## Exercise instructions
From the line with "7db62e7d3034defd2ab9f91840b7f1ffa2d1de47" through the last line of the records below, both ends included, transcribe only those lines, exactly, and omit the pictures.

(Short web captions)
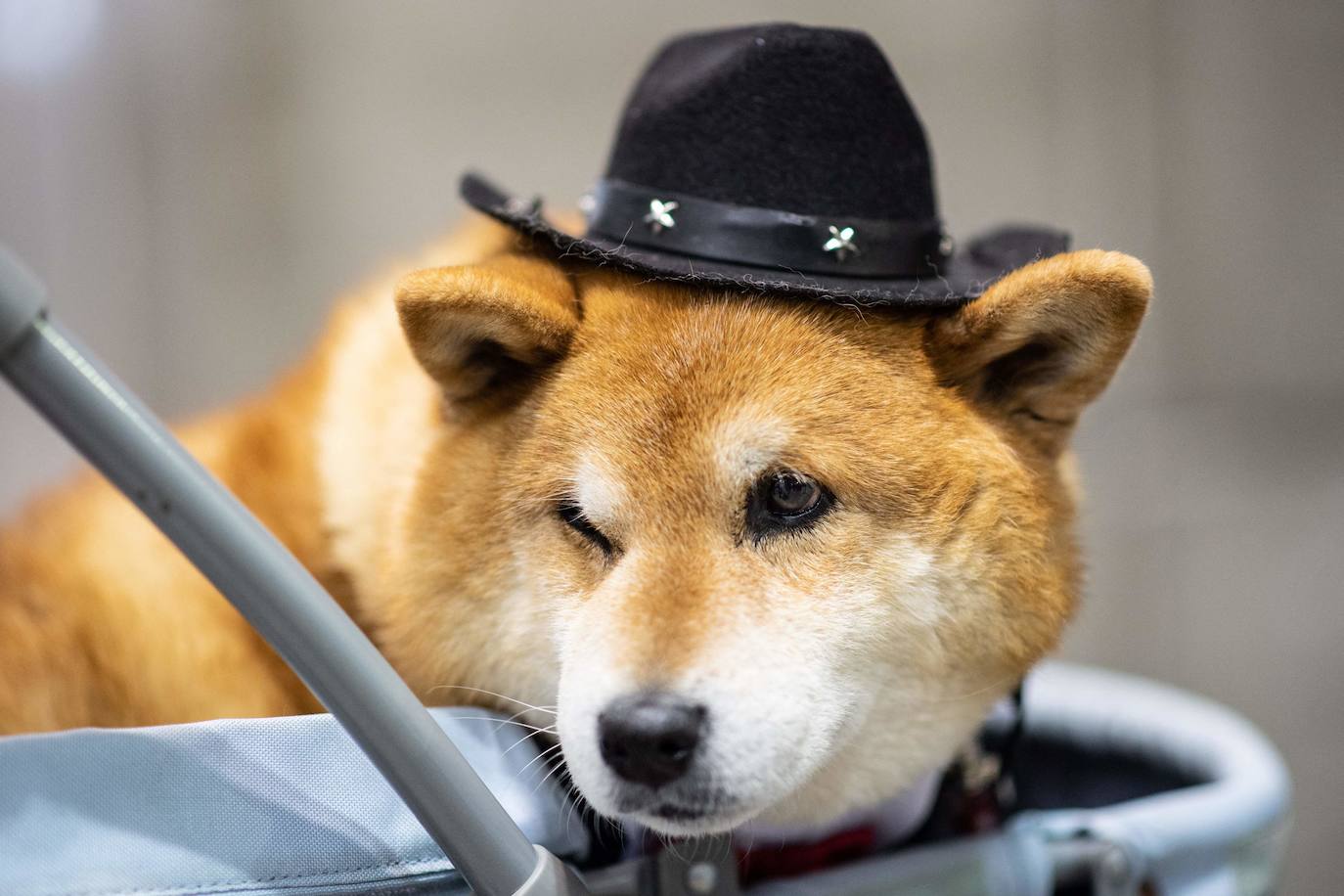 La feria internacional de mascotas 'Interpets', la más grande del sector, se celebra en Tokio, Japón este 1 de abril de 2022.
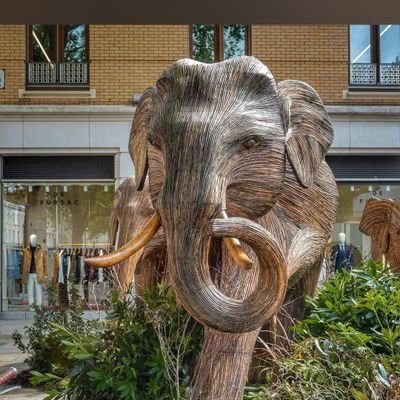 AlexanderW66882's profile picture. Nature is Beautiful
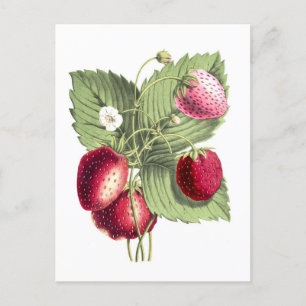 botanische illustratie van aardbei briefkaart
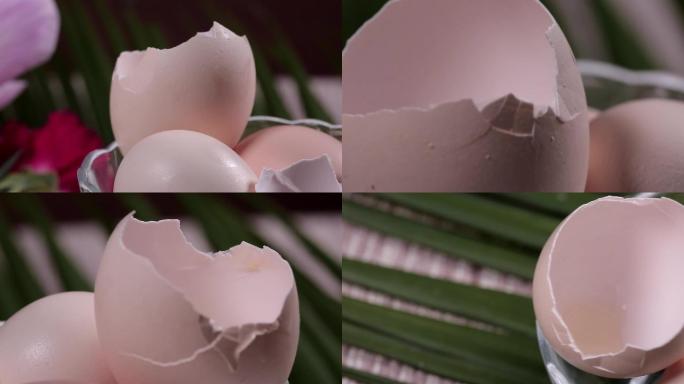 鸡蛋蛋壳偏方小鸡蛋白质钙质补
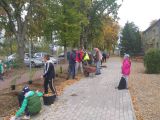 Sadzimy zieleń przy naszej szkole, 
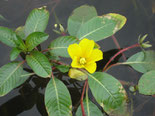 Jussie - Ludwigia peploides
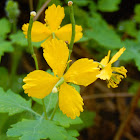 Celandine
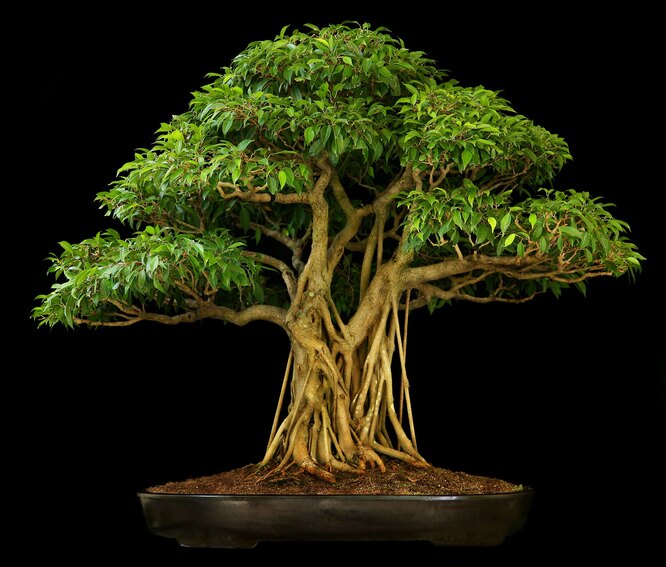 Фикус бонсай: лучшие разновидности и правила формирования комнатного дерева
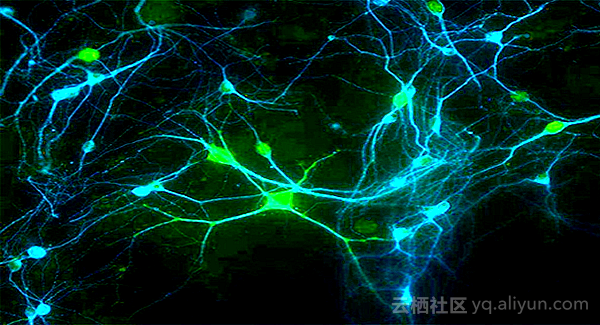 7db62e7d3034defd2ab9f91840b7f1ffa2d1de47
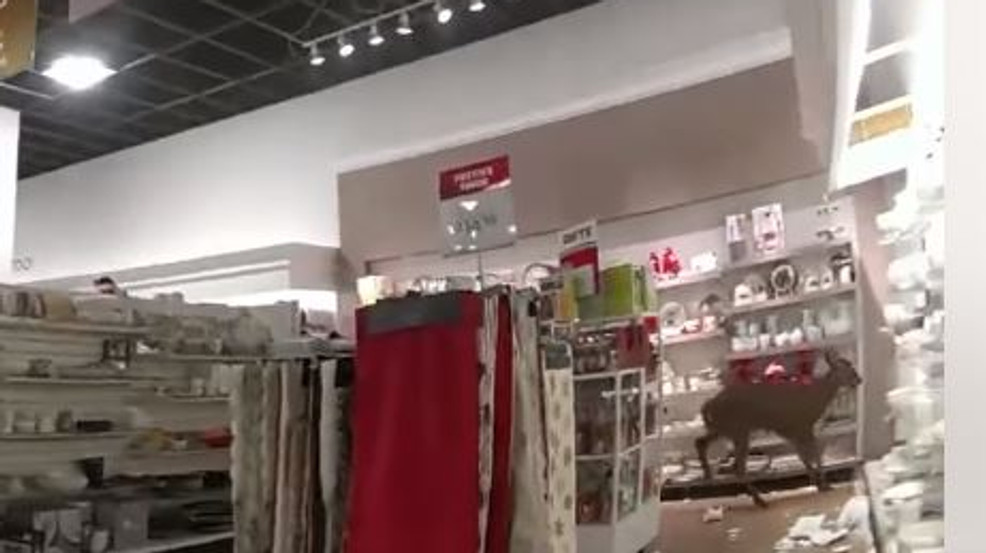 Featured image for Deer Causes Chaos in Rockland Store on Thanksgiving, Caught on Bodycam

## The completed task
 7db62e7d3034defd2ab9f91840b7f1ffa2d1de47
 Featured image for Deer Causes Chaos in Rockland Store on Thanksgiving, Caught on Bodycam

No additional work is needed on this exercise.